How to improve Parquet reading performances? #7737

devoxi · 2023-10-04T08:50:46Z

devoxi
Oct 4, 2023

Hello!

We've been experimenting in the last couple of days with Datafusion (31.0) and we've been comparing performances with our existing ClickHouse setup. To do so, we have exported a 5GB Parquet dataset, and building some UDFs we managed to replicate some of our queries.

In the end we are running a single quite simple query over the same Parquet dataset on the same mac with both Datafusion and ClickHouse. ClickHouse is always answering in about 700ms while Datafusion in 1.2s.

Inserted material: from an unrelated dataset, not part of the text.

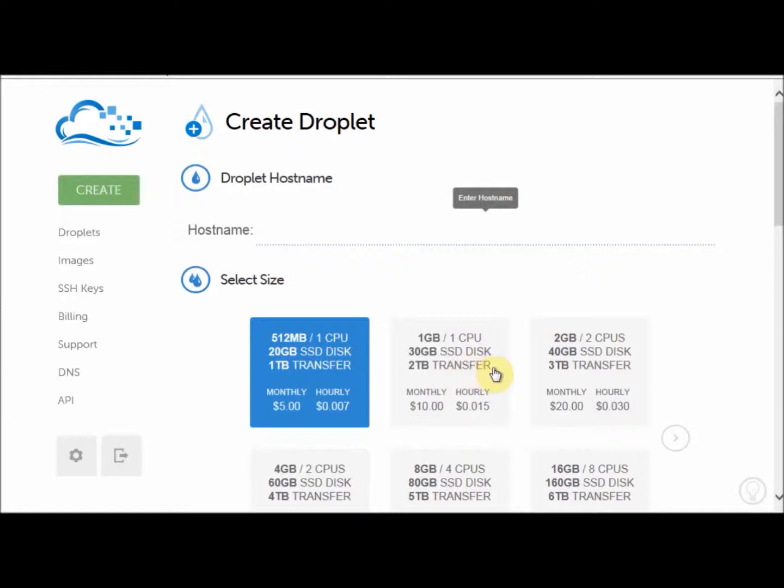Here is where we set up our server. First, we have to enter a name for our server. You can call it anything you like. I'm going to call mine power. So power like that.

I've tried multiple settings, verified it was not our UDF causing it, checked there was no cache on ClickHouse, and I couldn't make it any faster with Datafusion. According to the EXPLAIN ANALYZE the poor performances are coming from the Parquet phase.

I have to confess that we are beginners in Rust and we might have missed something, hence this message.
Here is the EXPLAIN ANALYZE of our query, if it can help:

Plan with Metrics | ProjectionExec: expr=[SUM(my_table.sign)@0 as tcount, SUM(my_udf(my_table.nested_field.array_column,List([custom_string])) * my_table.sign)@1 as _ccount_1], metrics=[output_rows=1, elapsed_compute=584ns]
     AggregateExec: mode=Final, gby=[], aggr=[SUM(my_table.sign)@0 as tcount, SUM(my_udf(my_table.nested_field.array_column,List([custom_string])) * my_table.sign)], metrics=[output_rows=1, elapsed_compute=48.459µs]
        CoalescePartitionsExec, metrics=[output_rows=20, elapsed_compute=5.708µs]
            AggregateExec: mode=Partial, gby=[], aggr=[SUM(my_table.sign)@0 as tcount, SUM(my_udf(my_table.nested_field.array_column,List([custom_string])) * my_table.sign)], metrics=[output_rows=20, elapsed_compute=4.769958246s]
                ProjectionExec: expr=[sign@0 as sign, nested_field.array_column@3 as nested_field.array_column], metrics=[output_rows=6185527, elapsed_compute=396.238µs]
                    CoalesceBatchesExec: target_batch_size=8192, metrics=[output_rows=6185527, elapsed_compute=168.795215ms]
                        FilterExec: int_column@1 = 2 AND (CAST(string_column@2 AS Utf8) !~* (.*.|)(word1|word2|word3|word4).*), metrics=[output_rows=6185527, elapsed_compute=652.683132ms]
                            ParquetExec: file_groups={20 groups: [[path/to/parquet/my_dataset.parquet:0..262363404], [path/to/parquet/my_dataset.parquet:262363404..524726808], [path/to/parquet/my_dataset.parquet:524726808..787090212], [path/to/parquet/my_dataset.parquet:787090212..1049453616], [path/to/parquet/my_dataset.parquet:1049453616..1311817020], ...]}, projection=[sign, int_column, string_column, nested_field.array_column], predicate=int_column@5 = 2 AND (CAST(string_column@79 AS Utf8) !~* (.*.|)(word1|word2|word3|word4).*), pruning_predicate=int_column_min@0 <= 2 AND 2 <= int_column_max@1, metrics=[output_rows=6185527, elapsed_compute=20ns, page_index_rows_filtered=0, predicate_evaluation_errors=0, file_scan_errors=0, row_groups_pruned=13, num_predicate_creation_errors=0, file_open_errors=0, pushdown_rows_filtered=2880077, bytes_scanned=311061152, time_elapsed_processing=5.335386071s, pushdown_eval_time=781.00424ms, time_elapsed_scanning_until_data=1.472284126s, time_elapsed_opening=3.032638581s, time_elapsed_scanning_total=18.9360584s, page_index_eval_time=1.318µs]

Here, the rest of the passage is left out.